Hot Springs National Park

Overview

The hot springs that give this Arkansas town its name were the first site ever set aside by the federal government for protection way back in 1832.  That was forty years before Yellowstone National Park came into existence, and is the reason Hot Springs National Park was commemorated as the first minted of the America the Beautiful Coin Collection in 2010.  It is also the reason that Hot Springs is unlike any other National Park in the system, checking in at only 5,550 acres on either side of a bustling downtown lined with historic bathhouses.

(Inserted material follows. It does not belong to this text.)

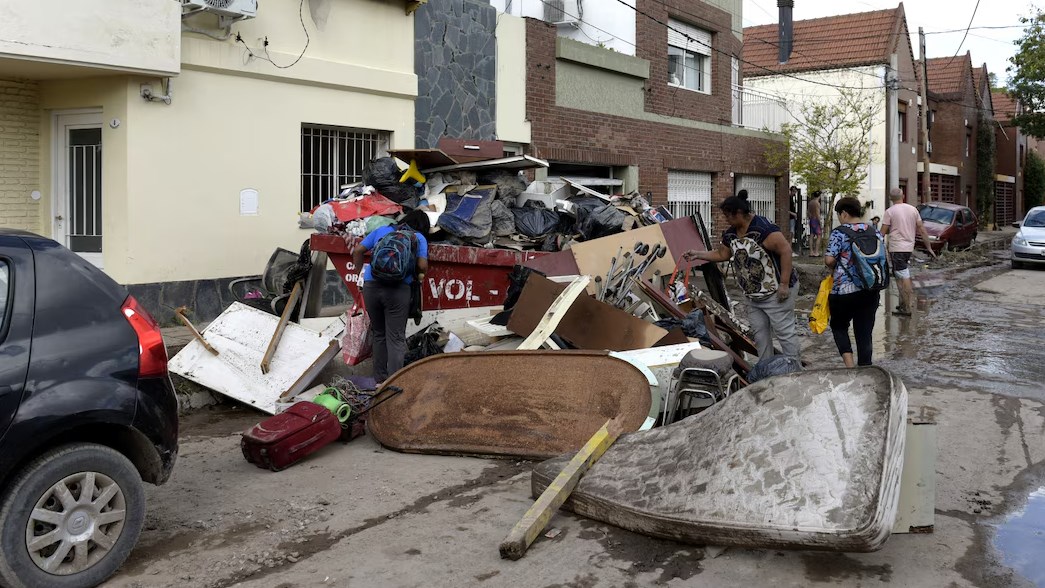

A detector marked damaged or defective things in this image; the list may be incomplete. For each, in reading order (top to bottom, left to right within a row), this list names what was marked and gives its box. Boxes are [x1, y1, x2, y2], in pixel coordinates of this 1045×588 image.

damaged door [53, 112, 105, 268]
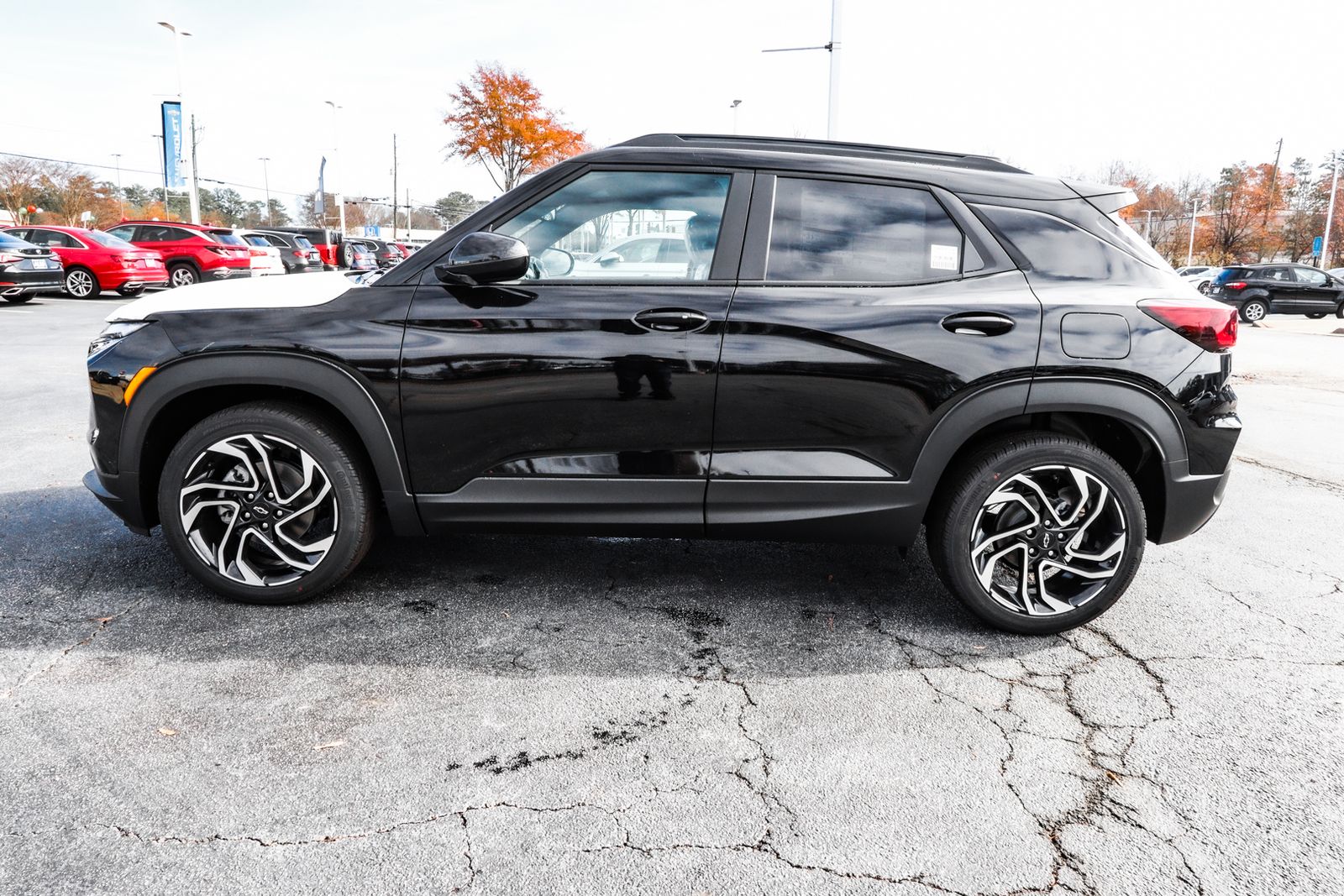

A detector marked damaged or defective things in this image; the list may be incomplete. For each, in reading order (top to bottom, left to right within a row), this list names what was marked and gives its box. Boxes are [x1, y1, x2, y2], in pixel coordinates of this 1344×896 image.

cracked asphalt [0, 297, 1337, 887]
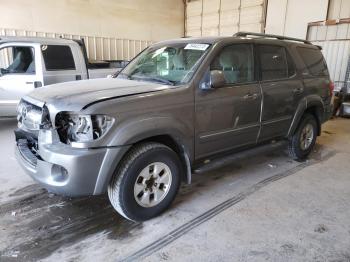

Hot Springs National Park is not one of the 50 covered in great detail in our guidebook to the National Parks (available on Amazon), but as one of the 63 National Parks it is included with a photo.

Highlights

Fordyce Bathhouse, West Mountain Scenic Drive, Goat Rock, Hot Springs Mountain Tower, Balanced Rock

Must-Do Activity

When you visit, it is best to start at the National Park Service (NPS) museum within the former Fordyce Bathhouse, where you will learn that the water is heated not by volcanic activity but by gravitational compression.  Whether or not you pay to soak in the non-sulfurous waters at a privately-owned bathhouse, be sure to fill up a bottle at one of several mineral rich drinking fountains around town.  Then you too can “quaff the elixir” the same way tourists have been doing here for nearly 200 years.

Best Trail

There are several hiking options in the forested hills around the town, including the 17-mile long Sunset Trail that provides access to Balanced Rock.  The Gulpha Gorge Trail leaves from the NPS campground up to vistas at Goat Rock or you can also park at the top of North Mountain and hike down to it on the Goat Rock Trail.

Instagram-worthy Photo

Inside the men’s locker room, a beautiful stained glass ceiling lets in light on the sculpture of Spanish conquistador Hernando de Soto who came to the hot springs in 1541.

Peak Season

Summer

Hours

https://www.nps.gov/hosp/planyourvisit/basicinfo.htm

Fees

None to visit the NPS museum in Fordyce Bathhouse, but there is a charge to climb Hot Springs Mountain Tower or visit one of the privately-owned bathhouses (like Buckstaff Baths or Quapaw Baths and Spa).

Road Conditions

All roads are paved, but there are some tight curves on the scenic drive up Hot Springs Mountain.

Camping

The NPS run Gulpha Gorge Campground offers sites with or without electrical and water hookups.

Related Sites

Chickasaw National Recreation Area (Oklahoma)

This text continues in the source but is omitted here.